May 2006 - Posts

Stored procedures are not parameterized views

Peter van Ooijen over at CodeBetter.com posted in his blog about some observations he had when working with stored procedures in a recent project. What I found to be interesting about his post was his comment that a stored procedure can be, "a view with parameters."  I've run into this assertion before, and it's something I think needs some clarification for a lot of developers. I do not feel that there is any real similarity between stored procedures and views -- they are entirely different types of objects in an SQL database, and should not be considered forms of one another in any way.

Following is an edited version of the response I left in Peter's blog; I thought it warranted its own post:

Stored procedures are not -- and never can be -- "parameterized views".  A view in an SQL database can be treated the same as a table in virtually every context.  Consider:

SELECT *
FROM Tbl

vs.

SELECT *
FROM View

One of the great things about working with views and tables is that the person querying the database does not need to know whether the base object being queried is a view or a table. For the sake of writing SQL queries, they are one and the same. Both a view and a table have well-defined columns, with well-defined datatypes.

These assertions cannot be made for a stored procedure as compared with a view.  A stored procedure is related to a view only in as much as both are defined using SQL syntax. But beyond there, the two diverge into completely different types of entities. First of all, consider:

SELECT *
FROM StoredProcedure

This will not work, and will only result in an "invalid object name" exception. The reason? Stored procedures expose no explicit output contract.  Thanks to conditional branching, dynamic SQL, and SELECT *, a stored procedure can output vastly different results beween invocations, or based on different input parameters.
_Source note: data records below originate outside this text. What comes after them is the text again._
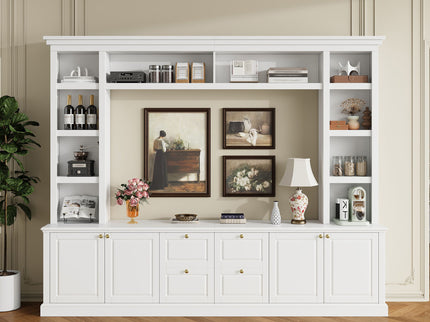 TV Stand With Bookcase, Storage Cabinet With 3 Adjustable Shelves, Living Room Entertainment Center - White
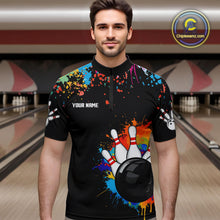Load image into Gallery viewer, Personalized Colorful Paint Splash Bowling Shirt For Men, Funny Bowling Team Jersey Polo, 1/4 Zip TDM4637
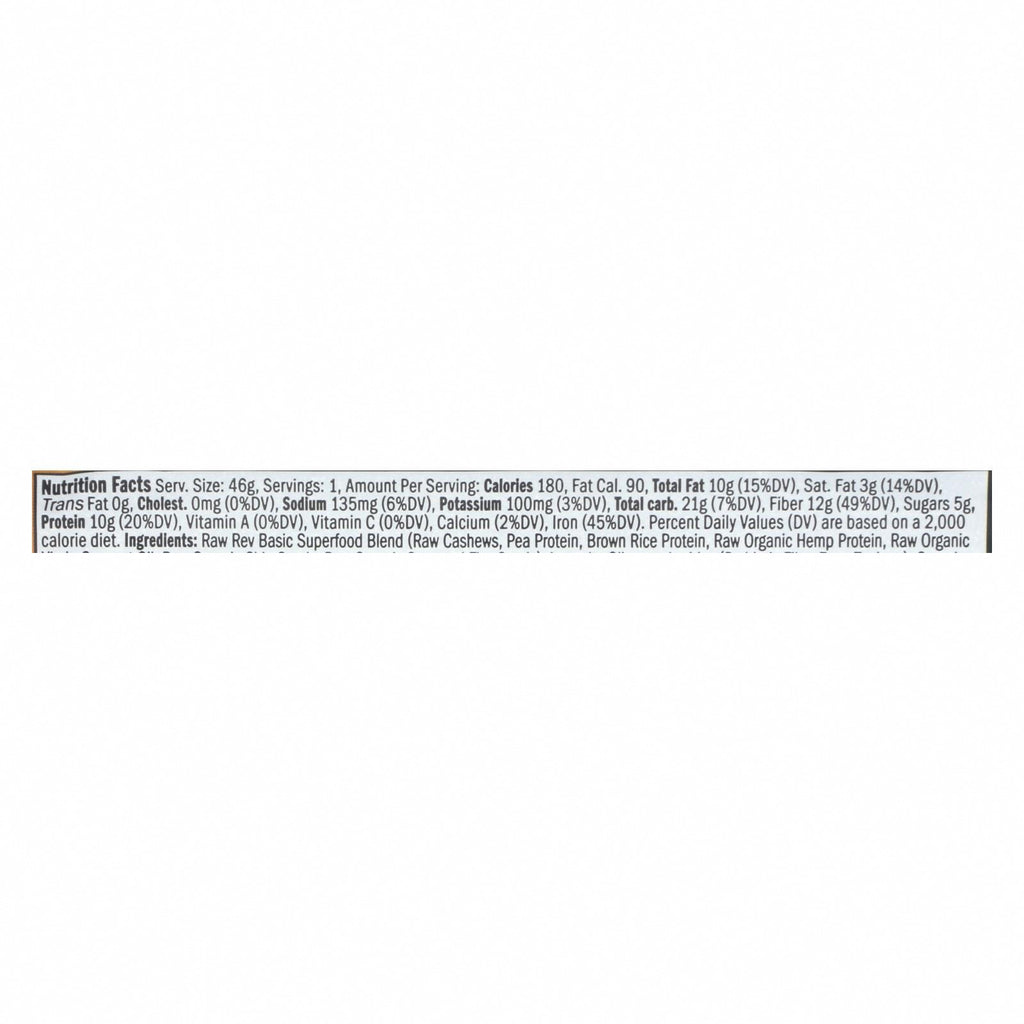 Raw Revolution Bar - Case of 12 - 1.6 OZ - Nutrition Facts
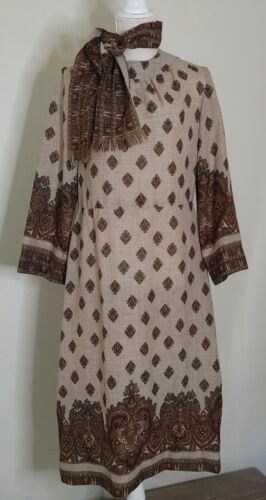Vintage 1960s Henry Lee Dress with Matching Scarf… - image 1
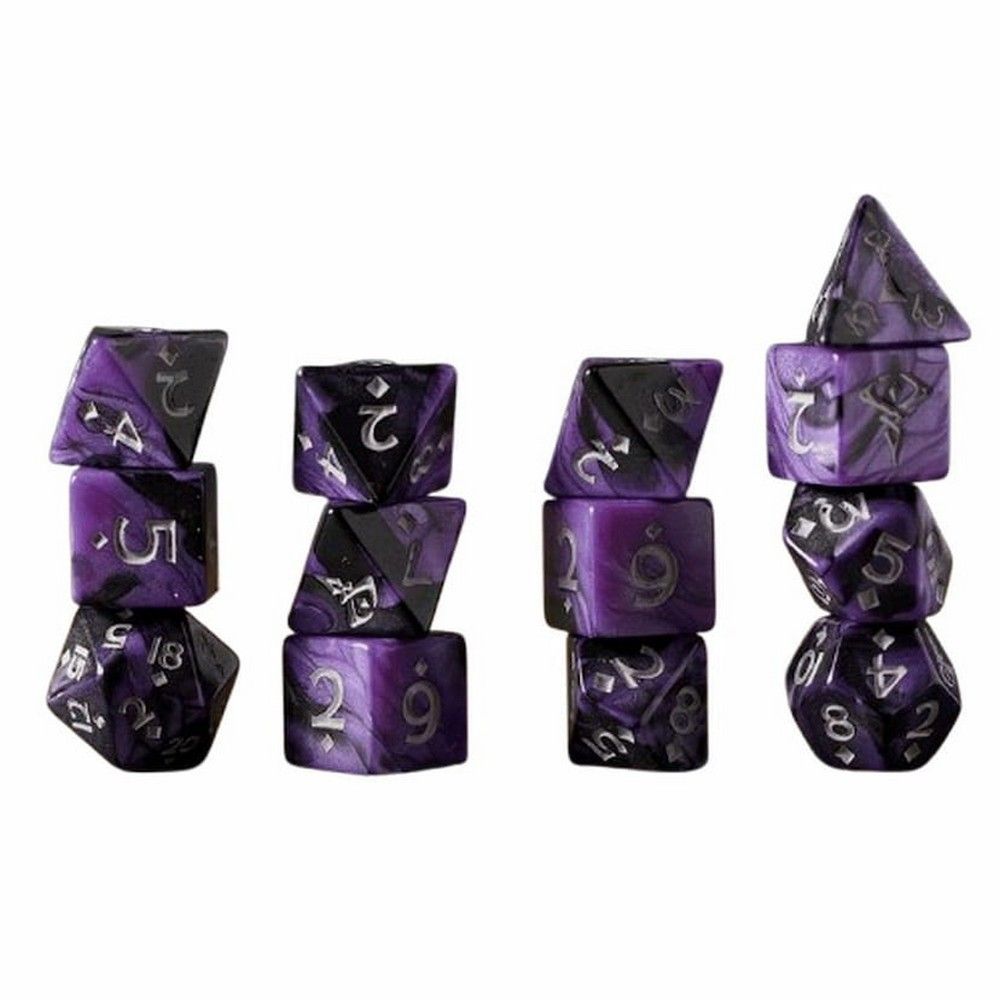 Stacked purple and black marbled polyhedral gaming dice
It is quite possible to code a stored procedure that will output no result sets for one set of input parameters, two result sets for another, and four for another.  Or, it's possible to change the returned result sets, e.g. by outputting different column names or datatypes. Please note, this is an extremely poor (and very dangerous) coding habit to get into -- but the point is, it is impossible to verify the output of a stored procedure for a given set of input parameters without running it.

Furthermore, a stored procedure "late binds" to the base objects being queried.  This adds to the difficulty in verifying the output of a stored procedure, and is why you can create the following stored procedure without getting an exception (until you try to run it, of course):

CREATE PROC XYZ
AS
    SELECT *
    FROM ThisTableDoesNotExist
GO

These stored procedure behaviors are in stark contrast to the way views work.  Views provide a couple of means of verification:
  • The output columns/data types can be verified, and bound to, before actually querying the view
  • A view can be "schema bound", meaning that the underlying base tables (or other views) which the view is based on cannot be changed, schema-wise, unless the view is dropped.  
For the first point, simply query the INFORMATION_SCHEMA.COLUMNS or sys.Columns views, and column information can be determined for a view without having to query it.

The second point adds to the first in a few ways. Schema binding brings to views a certain sense of "early binding," which as I mentioned is missing in stored procedures. Although no view can be created if one of its base objects does not exist, schema binding takes it one step further and guarantees that the base objects used to create the view must exist, and must not be changed, for as long as the view is present in the database. This means that if a schemabound view is created that outputs a certain set of columns with certain datatypes, it is guaranteed to do so for as long as it exists in the database -- in other words, its contract is bound to the schema, and changes to other objects cannot affect it.  This is a powerful guarantee, which stored procedures fail to make.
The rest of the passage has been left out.